▶ [RECORDS PROVIDED]
##############################

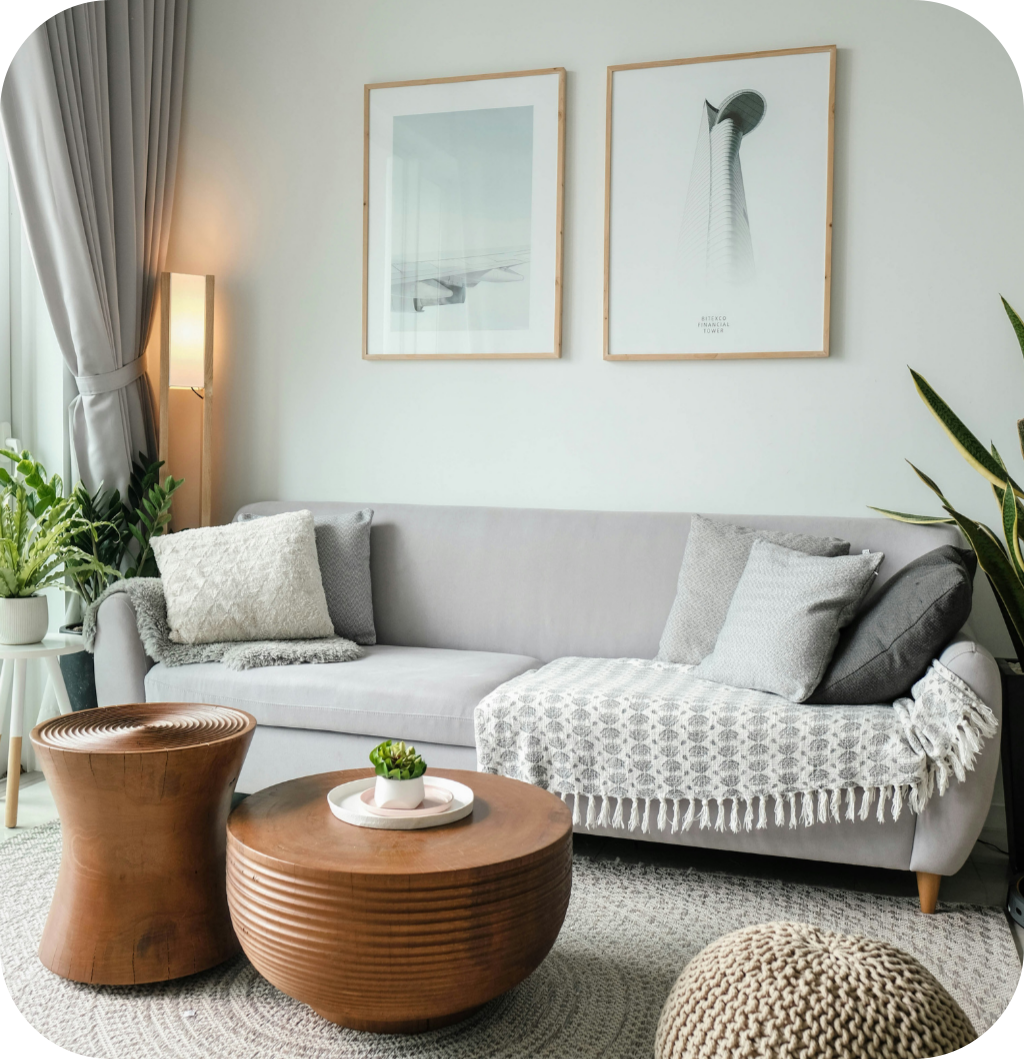 A gray sofa with a wooden coffee table.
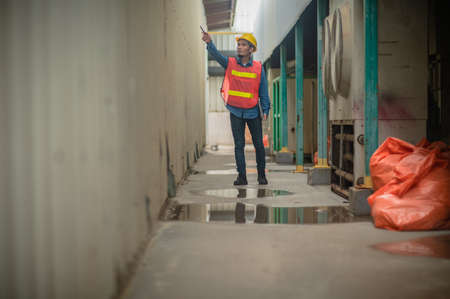 Asian man technician worker inspecting key condition control in factoryの写真素材
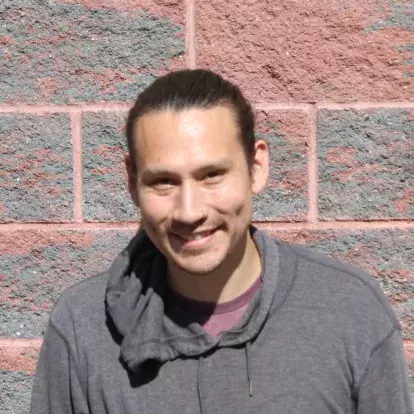 Portrait of Salish artist Dylan Thomas standing in front of a brick wall, smiling.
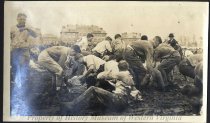 Young men wrestling in mud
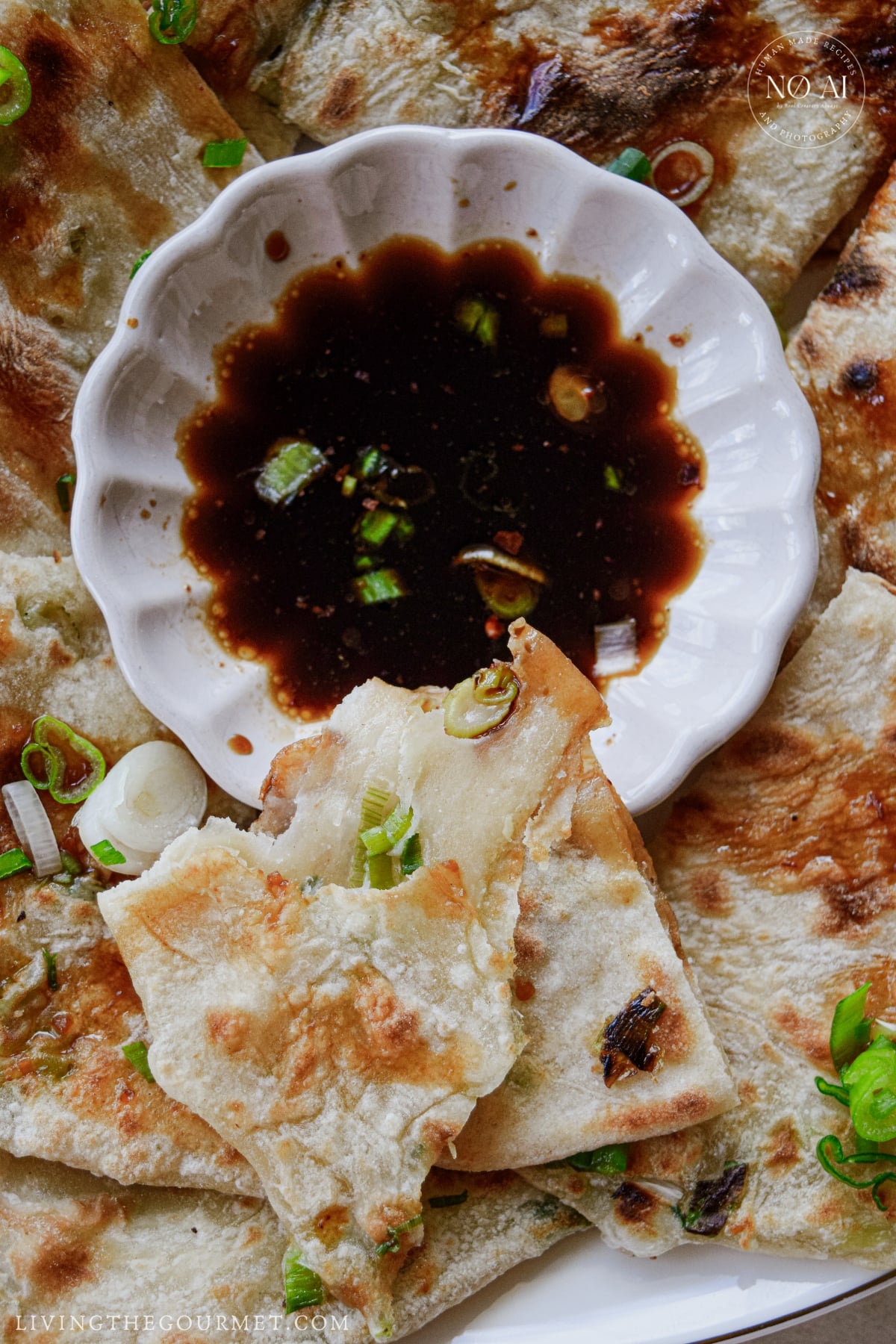 Soy sauce and chili crisp dipping sauce served with crispy scallion pancakes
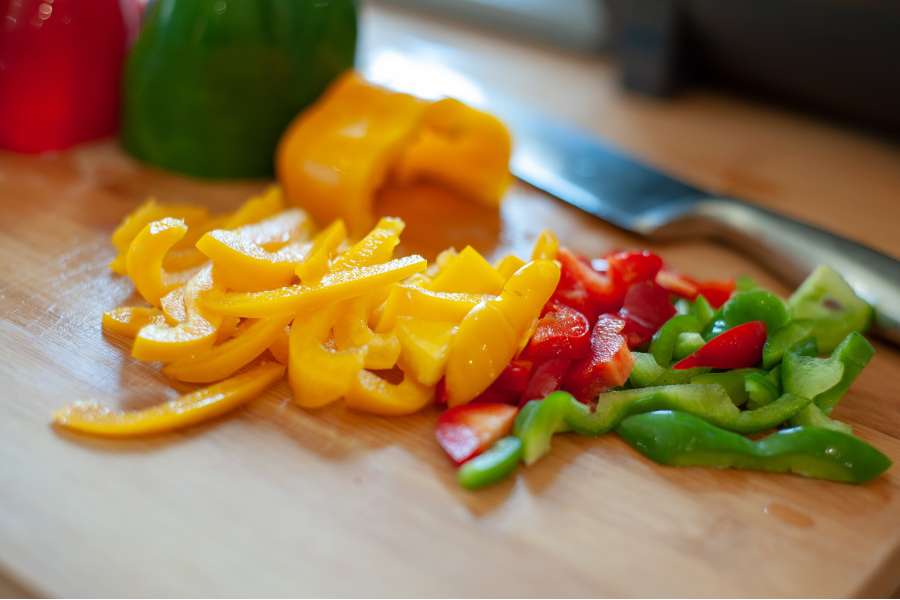 Rezept Foto Mexikansiche Grill Fajitas. Auf dem Schneidebrett werden die Paprikas für die Fajita Füllung vorbereitet bzw. kleingeschnitten.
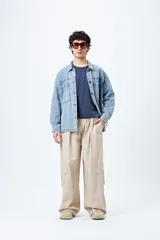 Pantalón cargo color beige, de corte recto y holgado, con cintura elástica y bolsillos laterales con solapa.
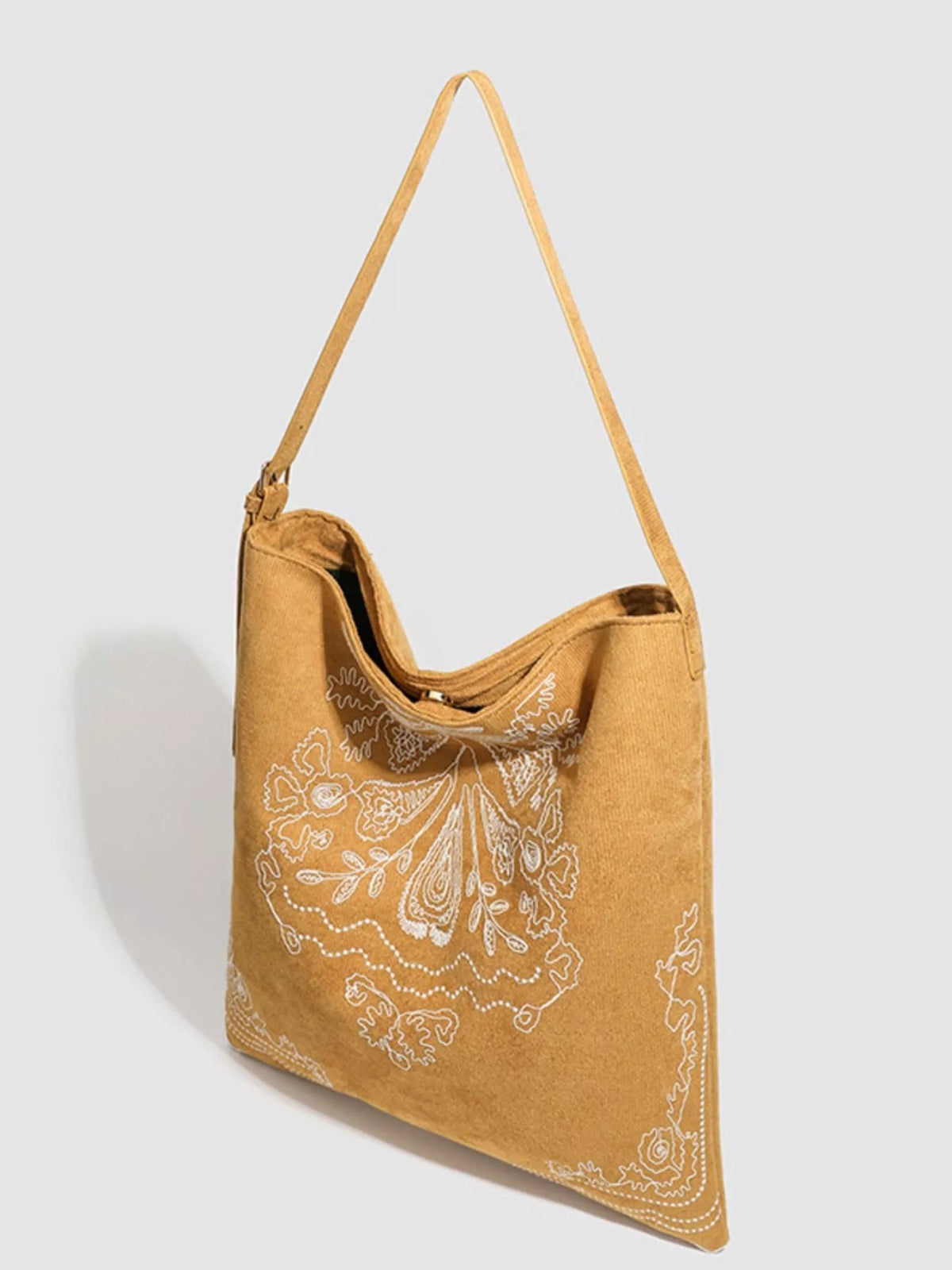 Large tan suede handbag with a soft slouchy silhouette, long shoulder strap, open top, and intricate white embroidered floral and paisley detailing.
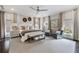 Spacious main bedroom with large windows, sitting area, and a neutral color palette creating a relaxing atmosphere at 2110 Timball Nw Rd, Atlanta, GA 30318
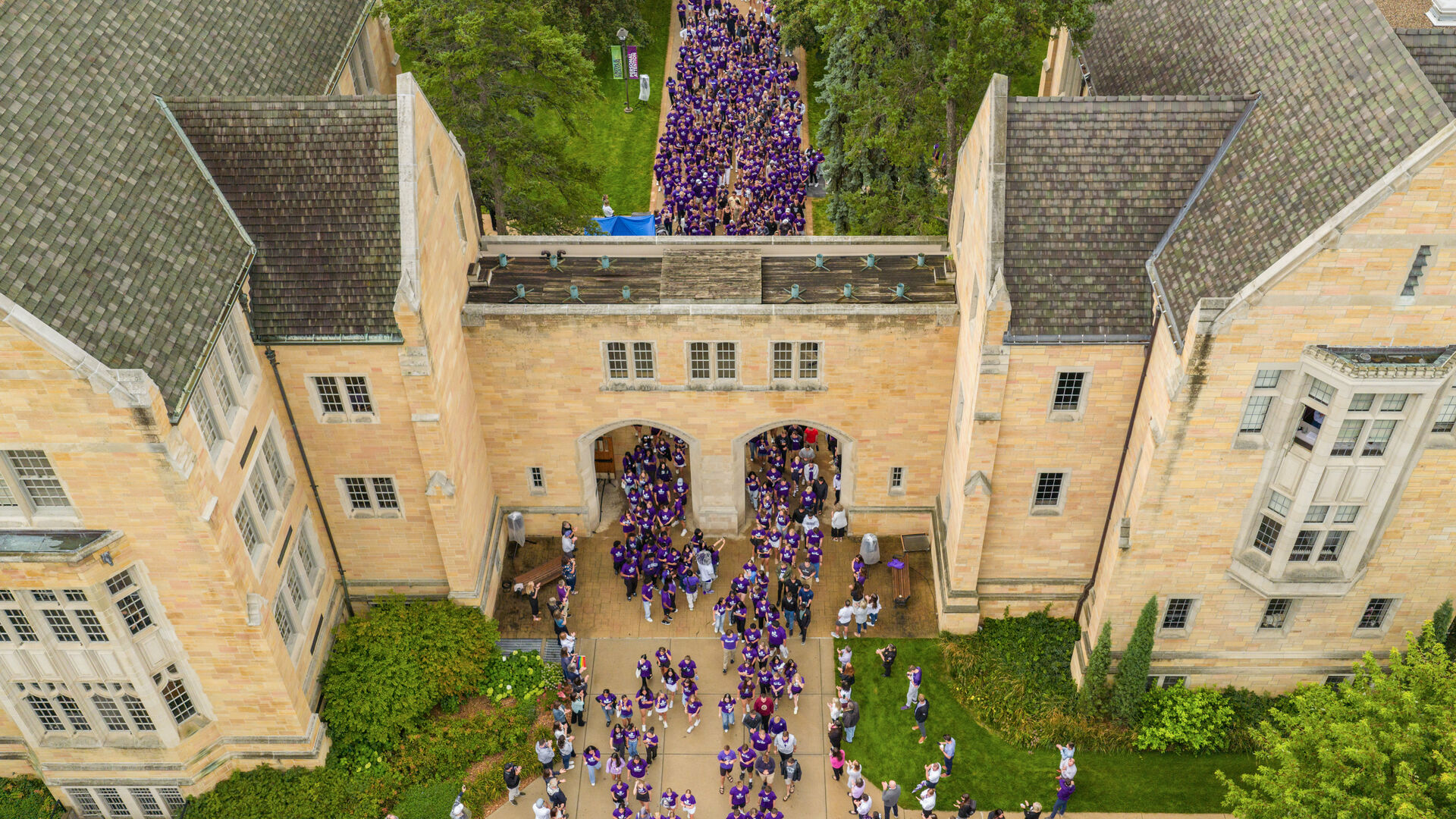 Aerial shot of students marching through out of the arches on the St. Paul campus.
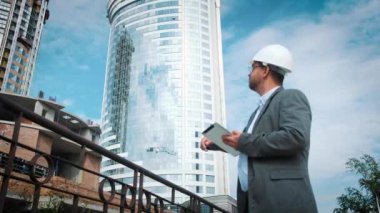 Yetişkin mühendis veya mimar bir tablet işlemi kullanır. Bir ileti yazar veya bir çizim denetler. Arka planı yapıdır. İnşaatçılar beton ve cam modern konut bina inşa ediyoruz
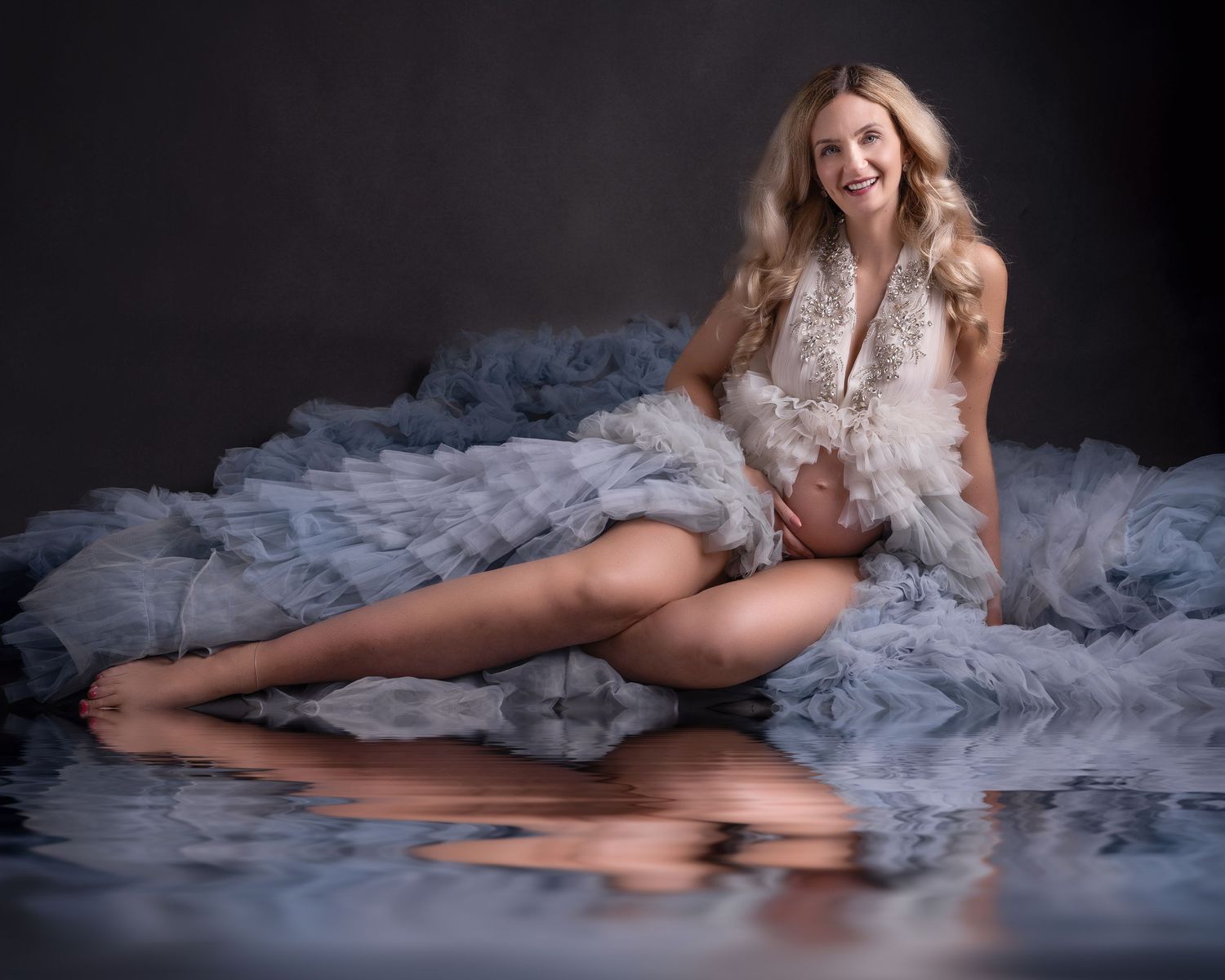 Artistic portrait featuring flowing blue tulle fabric and dramatic lighting on a dark background.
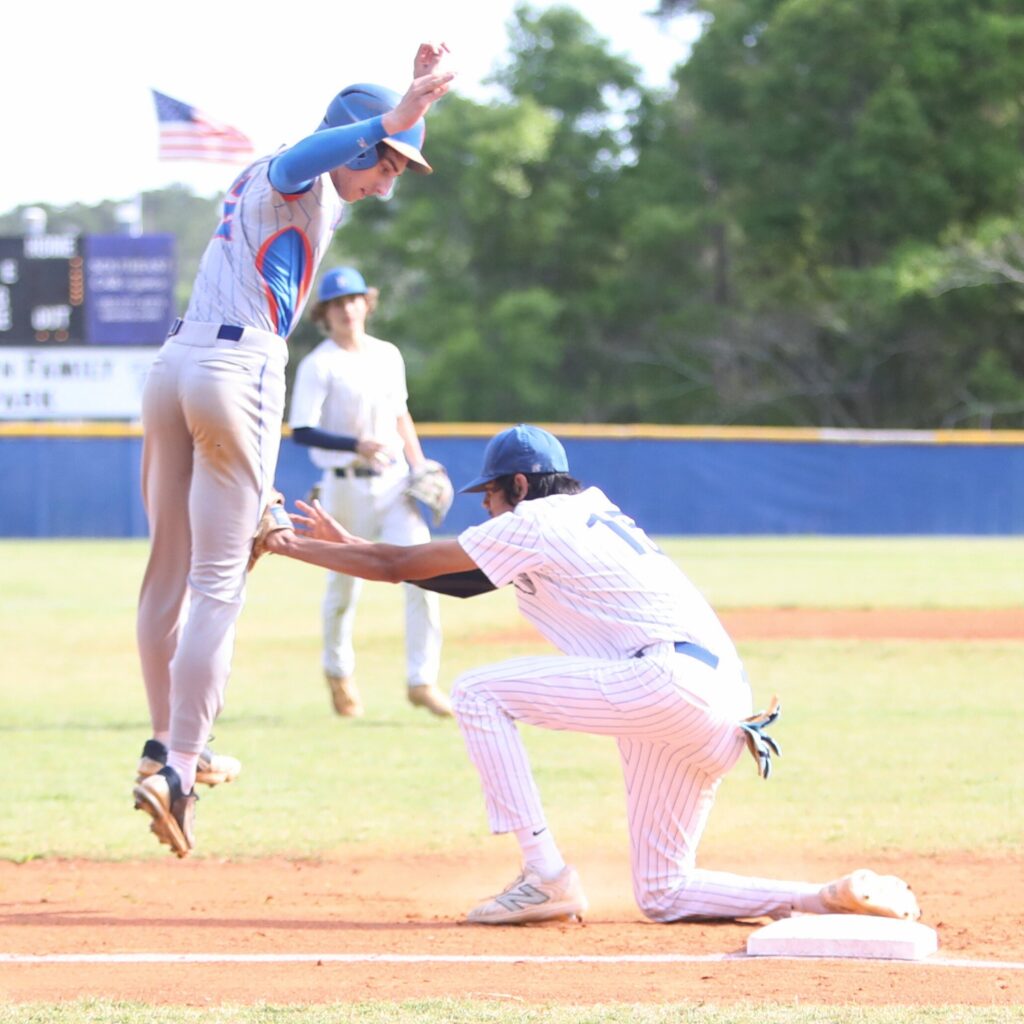 P.K. Yonge's Micah Gratto gets tagged out in the second inning trying to steal third base by St. Francis Catholic's Colin Kuruppacherry. Photo by C.J. Gish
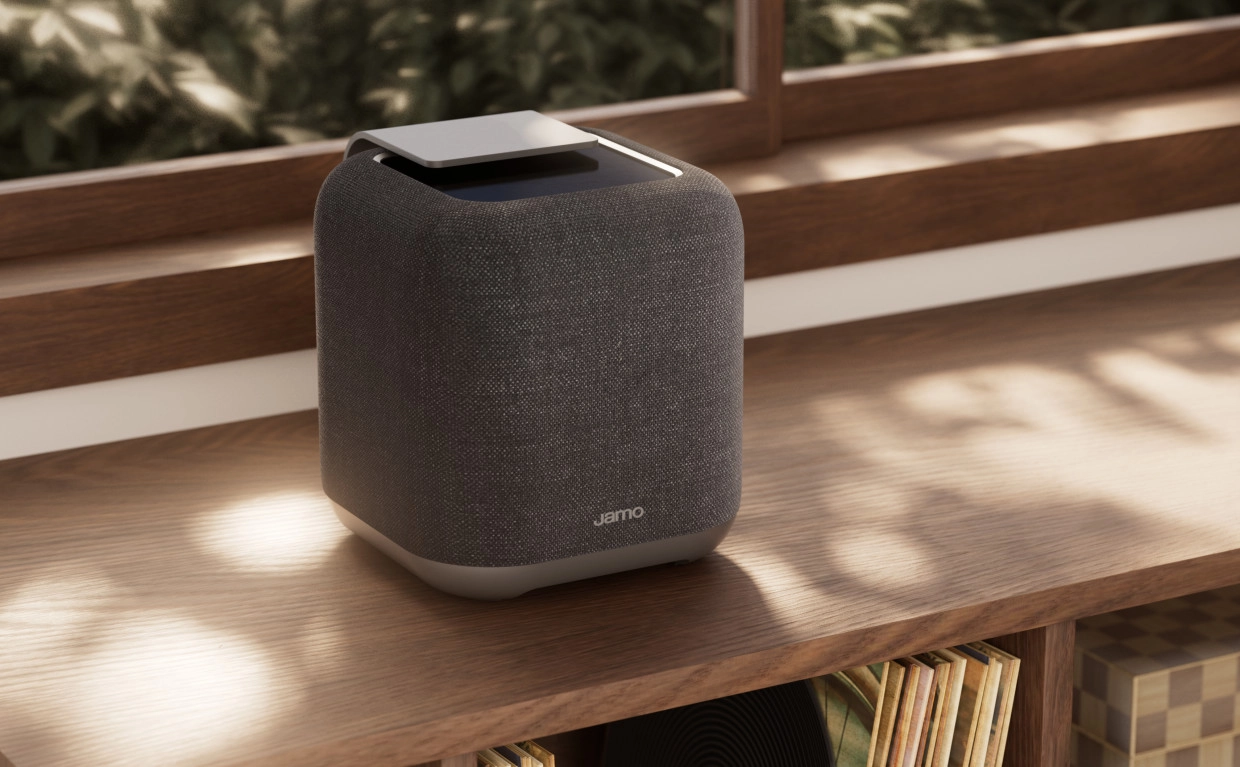 Jamo Hyg 5 Makes the Wireless Speaker Part of the Room 23 Grey fabric Jamo speaker on a wooden cabinet beside sunlit windows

##############################

▶ [ASSIGNMENT] A verbatim copy is needed of the lines running from the line with "Yetişkin mühendis veya" to the end of the data above, both included. Keep the pictures out of it.

▶ [RESPONSE TO THIS EXERCISE]
 Yetişkin mühendis veya mimar bir tablet işlemi kullanır. Bir ileti yazar veya bir çizim denetler. Arka planı yapıdır. İnşaatçılar beton ve cam modern konut bina inşa ediyoruz
 Artistic portrait featuring flowing blue tulle fabric and dramatic lighting on a dark background.
 P.K. Yonge's Micah Gratto gets tagged out in the second inning trying to steal third base by St. Francis Catholic's Colin Kuruppacherry. Photo by C.J. Gish
 Jamo Hyg 5 Makes the Wireless Speaker Part of the Room 23 Grey fabric Jamo speaker on a wooden cabinet beside sunlit windows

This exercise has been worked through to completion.